Billing Policy

 
 

FEES FOR SERVICE:

At the time of scheduling an appointment you accept that you will pay the fee associated for the service indicated on the website listed under the payment portal. Payment of fees are requested in full, unless a sliding scale or payment plan schedule has been arranged prior.

  • Requests to reschedule can be accommodated at no additional charge only if request is made greater than 48 hours in advance of the time of the original appointment.

  • A deposit to hold the appointment will be made prior to your visit. This will total $75 or less if utilizing the Sliding Scale corresponding to the percent reduced fee.

  • Cancellations made less than 48 hours in advance will be charged $50.

  • Cancellations made less than 24 hours will be charged the full fee of the appointment.

  • Incomplete or inaccurate information provided may result in the need for another consult and additional fees.

  • If I ‘No-Show / No-Call’ for my appointment, defined as not being present for your appointment more than 15 minutes after the scheduled time, you will be billed a no-show fee equal to a 30 minute session that will be required to be paid prior to rescheduling.

  • I understand that each initial genetic counseling session may last beyond the 30 minute time up to 60 minutes maximum.

    • If the initial time is exceeded, an additional appointment may need to be scheduled at the same follow-up rate billed in 30 minute increments.

  • I understand that if I am late to the appointment, I will still have to end the session at the allotted time.

  • It is policy to charge for other professional services you may require such as: telephone conversations which last longer than 15 minutes or attending meetings or consultations with other professionals which you have authorized.
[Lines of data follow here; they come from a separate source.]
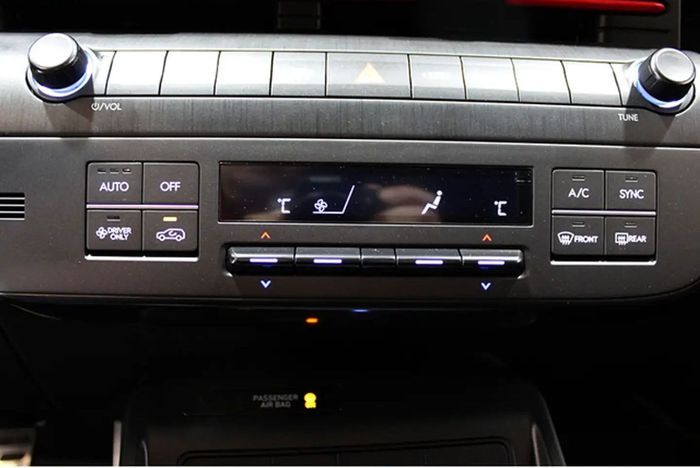 Hyundai Kona • 2023 • 11,400 km 18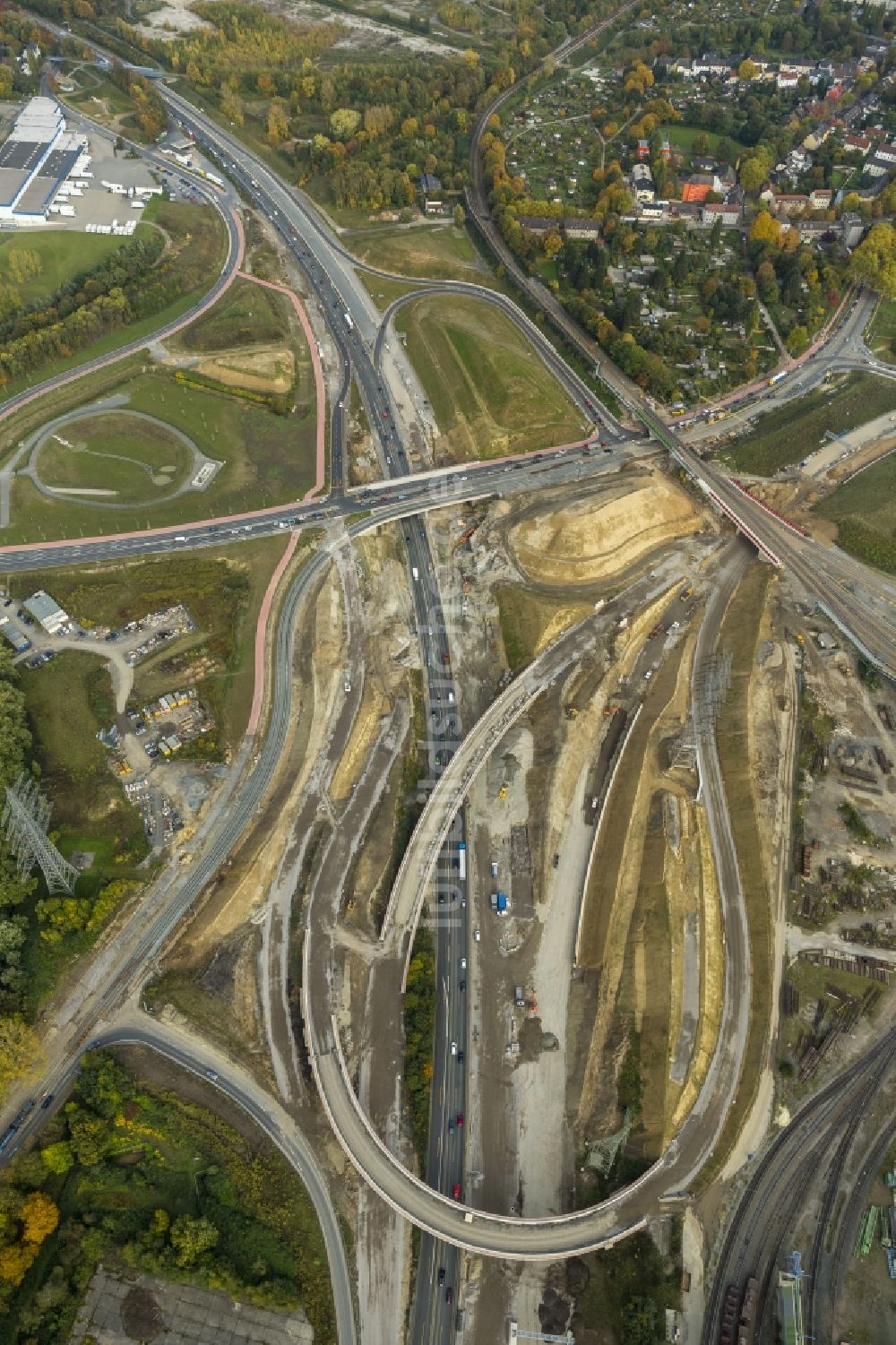 Bochum von oben - Großbaustelle zum Umbau der Bundes- Autobahn BAB A40 auch als Ruhrschnellweg bekannt, im Kreuzungsbereich zur Bundesstraße B1 und Donezk-Ring in Bochum im Bundesland Nordrhein-Westfalen NRW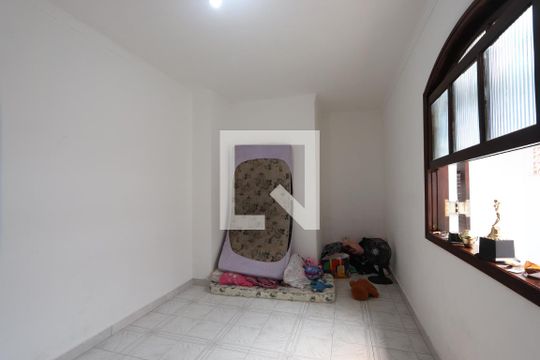 Quarto 3 de casa à venda com 3 quartos, 199m² em Jardim Cotiana, São Paulo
  • Patients are placed on autopay by default within the SimplePratice System that will be chaged 24 hours after any fees are applied. If an individual wishes to not be on auto-pay and be issued an invoice due within 30 days, they may navigate within the patient portal to do so or request by phone or in writing by the Clover Genetics staff.

PAYMENT CONSENT:

I authorize Clover Genetics to charge my credit/debit/health account card for professional services and auto-pay after the session is complete unless requested otherwise in writing by the patient or family.  I recognize that Clover Genetics has the right to charge my card as a late cancel or no show as described above if I do not show up for the appointment.  I will be billed for the full 30 minute session charge based upon the rates published on Clover Genetics at time of scheduling. I verify that my credit card/payment information provided is accurate to the best of my knowledge. If this information is incorrect or fraudulent or if my payment is declined, I understand that I am responsible for the entire amount owed and any interest or additional costs incurred if denied. I also understand by signing and initialing this form that if no payment has been made by me, my balance may be forwarded to collections as allowed by law if another alternative payment is not made within thirty days.

ROCEDURES REGARDING LEGAL PROCEEDINGS:

For any legal proceedings initiated or requested by the patient or their representatives, any attorneys requiring confidential information on clients will be billed for the information released, the time required to compile the information and any materials or postage necessary. The attorneys will also be billed for all court costs incurred. This will include preparation time, actual court appearance, and travel time. The fee involved for these services will be $100.00 per hour. In the event that the attorneys fail to pay for these services, the balance due will be the responsibility of the person or persons signing this Agreement. Be advised that insurance DOES NOT cover this and would be considered a full out of pocket expense, required to be paid in full upfront.

INSURANCE:

Out-of-Network: At this time, Clover Genetics does not accept most insurances. A copy of your receipt may be used to submit to your insurer for reimbursement, but this is your sole responsibility. Clover Genetics will not advise on the likelihood of coverage or process insurance submission at this time. I understand if I involve my insurance for payment that I am responsible for knowing my co-payment amount and deductible amount, but that I will have to pay the Out-of-Pocket fees up-front before appropriately requesting reimbursement from my insurance. I understand that these charges are an Out-of-Pocket expense and that my insurance carrier may not reimburse these charges.

Authorization to Pay Insurance Benefits: By signing below, if I choose to involve an insurance provider, I hereby authorize payment directly to Clover Genetics. I understand that I am financially responsible for all fees incurred and for fees not covered by this authorization. I authorize the release of my medical information to my third party payer in order to obtain payment for insurance reimbursement purposes if I choose to bill insurance. I hereby authorize Clover Genetic to release any medical information required for assessment. I understand that payment is expected prior to rendering of services unless other arrangements have been made. I have completed this form fully and completely, and certify that I am the patient or duly authorized general agent of the patient, authorized to furnish the information requested. I understand that even if I have some type of insurance coverage, I am responsible for full payment of services.